• _WORK TO BE COMPLETED_
Pictures excluded, please transcribe exactly the lines from the one with "stainless steel stove and oven" through the end of the records below, and nothing more.

---------- GIVEN ENTRIES ----------

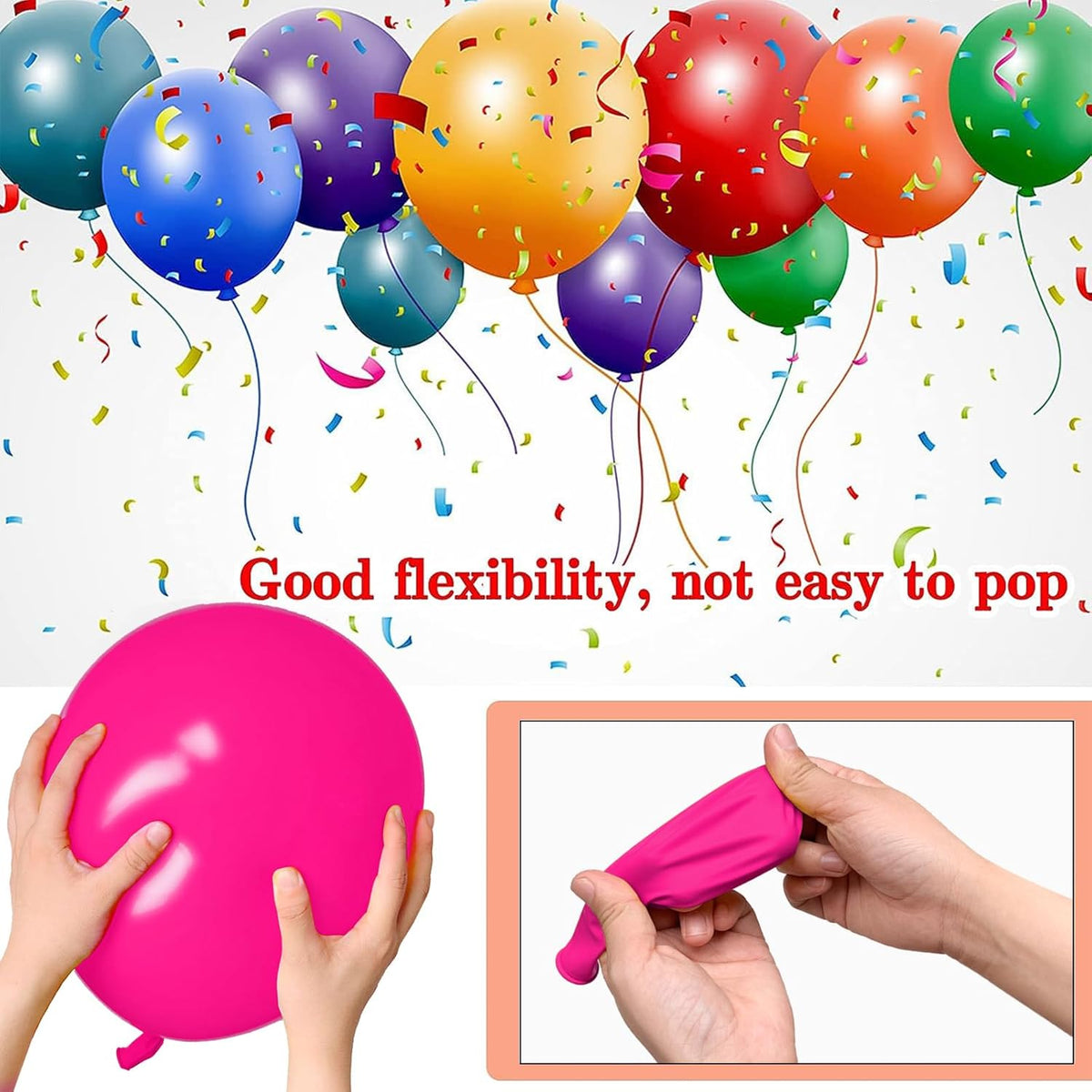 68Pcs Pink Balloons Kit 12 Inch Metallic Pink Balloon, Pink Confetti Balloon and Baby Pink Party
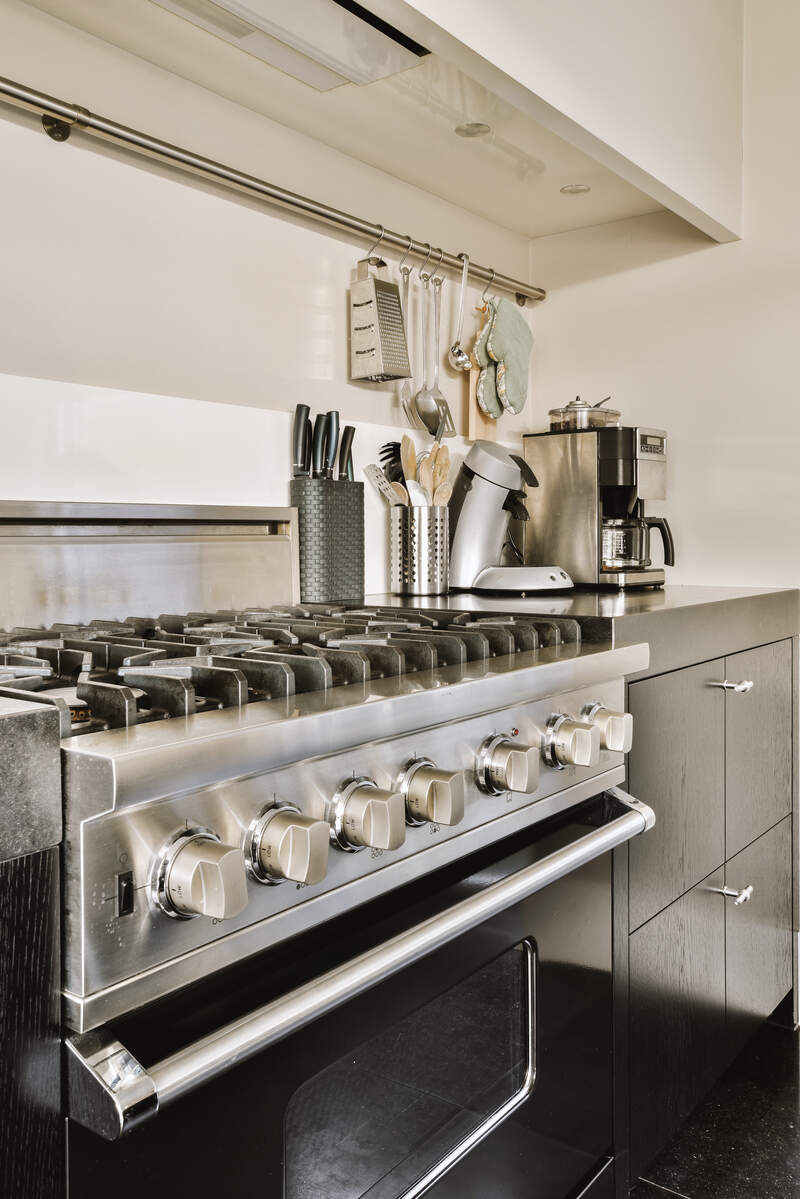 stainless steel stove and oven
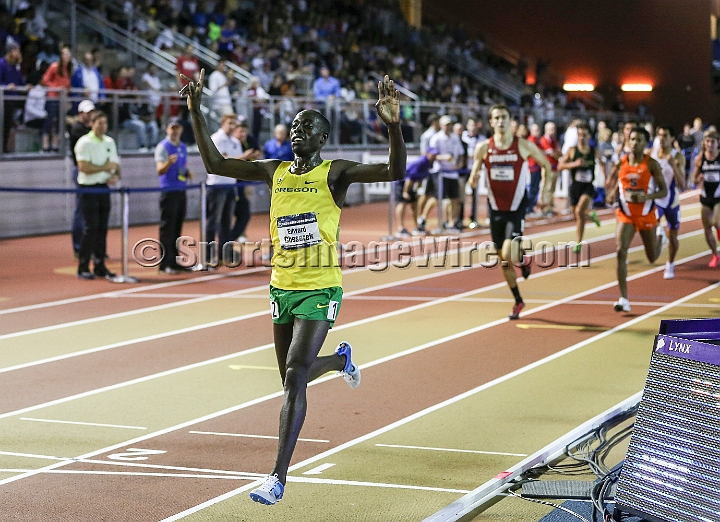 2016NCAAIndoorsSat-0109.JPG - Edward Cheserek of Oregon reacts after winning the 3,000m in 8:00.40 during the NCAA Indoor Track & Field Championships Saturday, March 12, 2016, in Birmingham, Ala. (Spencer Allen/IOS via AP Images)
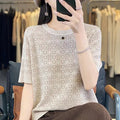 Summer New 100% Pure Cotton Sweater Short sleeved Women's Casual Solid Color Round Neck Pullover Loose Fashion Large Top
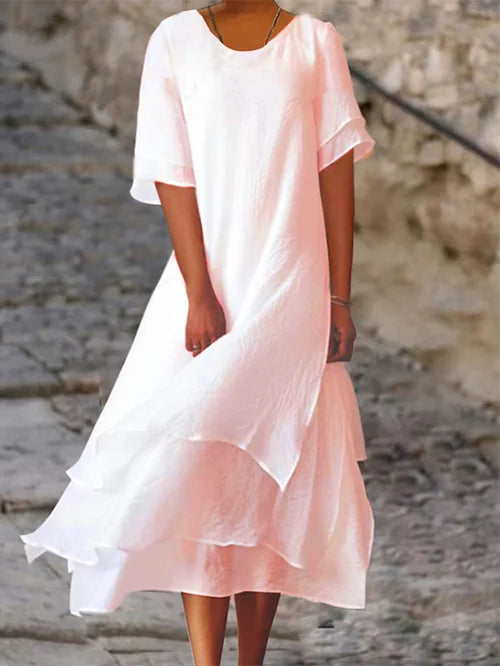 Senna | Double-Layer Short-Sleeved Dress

----------

• _RESULT OF THIS EXERCISE_
 stainless steel stove and oven
 2016NCAAIndoorsSat-0109.JPG - Edward Cheserek of Oregon reacts after winning the 3,000m in 8:00.40 during the NCAA Indoor Track & Field Championships Saturday, March 12, 2016, in Birmingham, Ala. (Spencer Allen/IOS via AP Images)
 Summer New 100% Pure Cotton Sweater Short sleeved Women's Casual Solid Color Round Neck Pullover Loose Fashion Large Top
 Senna | Double-Layer Short-Sleeved Dress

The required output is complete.